[Problem requirements] Give back the whole listing exactly as it is written.

[Supplied material]
= = = = = = =

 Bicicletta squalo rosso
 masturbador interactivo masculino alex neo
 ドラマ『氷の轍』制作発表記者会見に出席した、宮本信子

= = = = = = =

[Result of this exercise]
 Bicicletta squalo rosso
 masturbador interactivo masculino alex neo
 ドラマ『氷の轍』制作発表記者会見に出席した、宮本信子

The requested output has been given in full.